Search the listing below for the line with "Load image into", then write out that line and every one after it exactly, without the pictures.

__Dataset content__.
*** Begin section ***

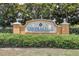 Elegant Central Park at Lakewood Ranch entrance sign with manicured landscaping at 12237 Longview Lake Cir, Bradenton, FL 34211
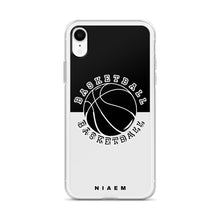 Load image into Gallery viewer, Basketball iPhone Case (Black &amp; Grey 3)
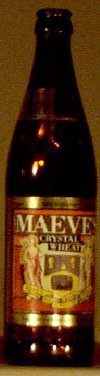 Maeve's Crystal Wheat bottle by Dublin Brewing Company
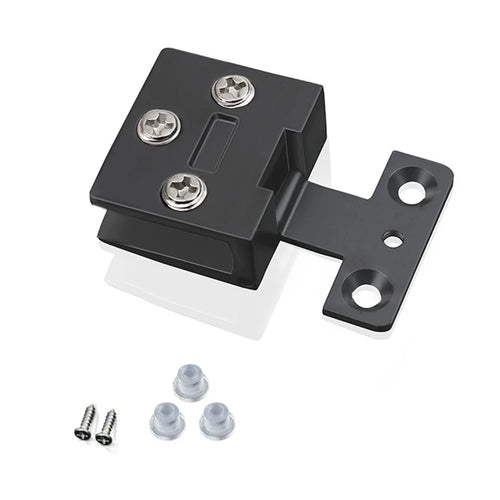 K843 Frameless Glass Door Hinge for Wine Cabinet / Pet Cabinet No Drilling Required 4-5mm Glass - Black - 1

*** End section ***

__The answer__.
 Load image into Gallery viewer, Basketball iPhone Case (Black &amp; Grey 3)
 Maeve's Crystal Wheat bottle by Dublin Brewing Company
 K843 Frameless Glass Door Hinge for Wine Cabinet / Pet Cabinet No Drilling Required 4-5mm Glass - Black - 1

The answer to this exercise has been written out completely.